On the morning after the European Union referendum, Britain looked like a country in crisis. The Prime Minister had resigned, Scotland’s first minister was talking about a second independence referendum and the FTSE was in free fall. In several EU capitals, there was an assumption that, when the Brexit talks began, Britain would be the new Greece: a country that could ill afford to reject any deal offered by the EU, no matter how humiliating. In the days following the vote, Mark Rutte, the Dutch prime minister, declared that Britain had just ‘collapsed — politically, economically, monetarily and constitutionally’.
Five months on, Britain is in a stronger position than Rutte and co. would have believed possible.

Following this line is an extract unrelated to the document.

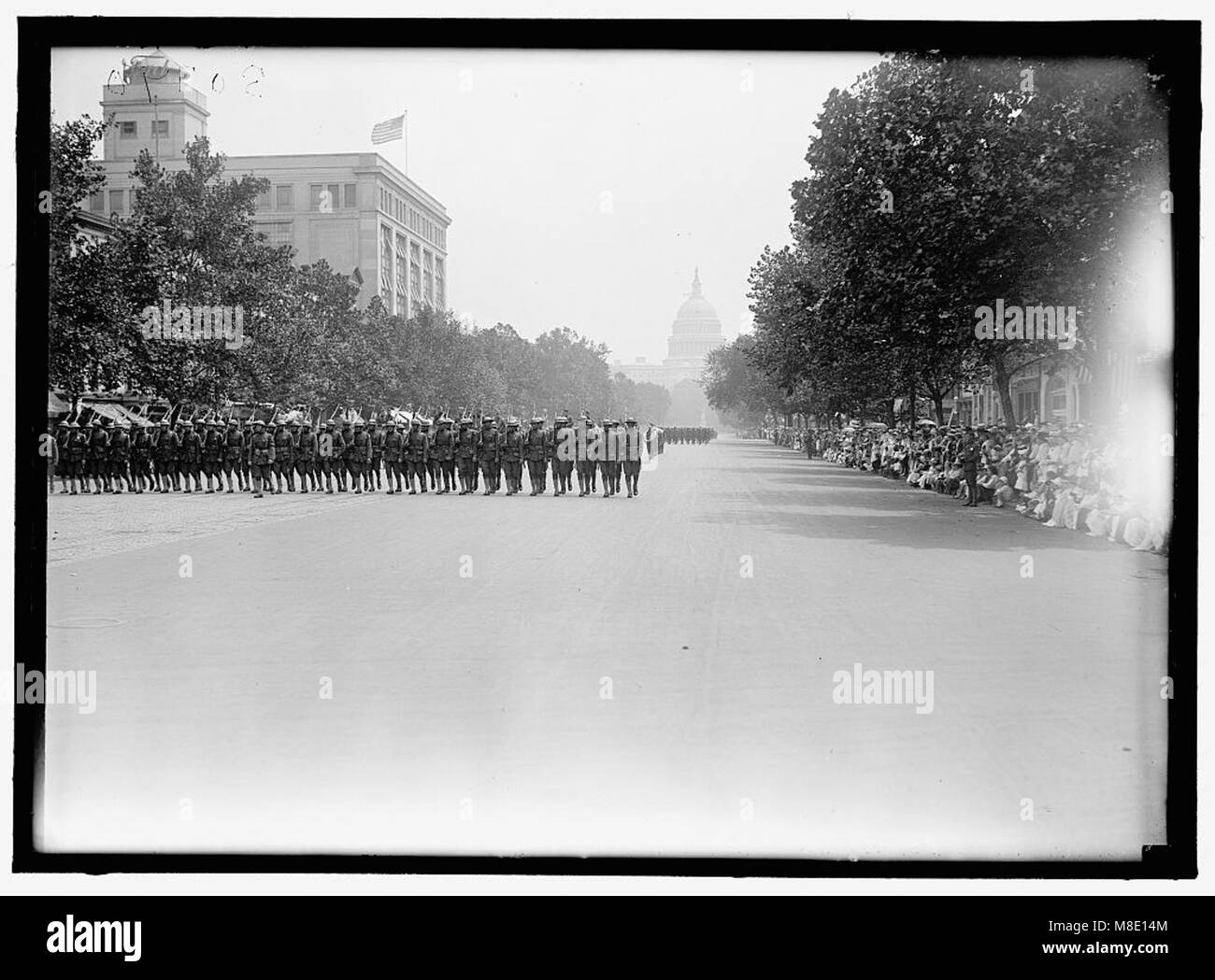 Dieses Bild zeigt eine Parade der US-Marines, die ihre Disziplin und zeremoniellen Pflichten, einen wichtigen Aspekt der öffentlichen Präsenz und militärischen Tradition des Marine Corps, demonstriert. Stockfoto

Since the referendum, the British economy has grown faster than that of the eurozone. The government is now led by a Prime Minister who is as secure in her job as any of her EU counterparts. Theresa May can walk into the Brexit negotiations knowing that she has several aces in her hand.

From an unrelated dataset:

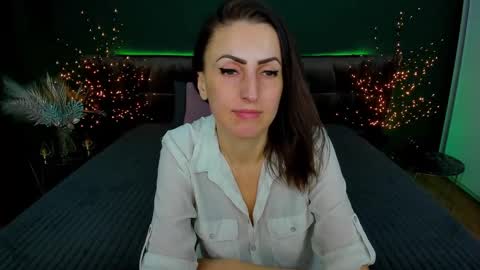 rebecca_diamonds online show from February 3, 2025, 9:41 am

James Forsyth and Isabel Hardman discuss Theresa May’s Brexit cards
She has a commanding 28-point lead over Jeremy Corbyn on the question of who would make the better Prime Minister. Her position within her own party is also strikingly strong. Tory MPs know they can’t have two unelected leaders in one parliament, and her Remainer critics lack support both in the parliamentary party and among members. She can be confident that when she goes to the country, her governing majority in Parliament will increase. How many other European leaders can say the same?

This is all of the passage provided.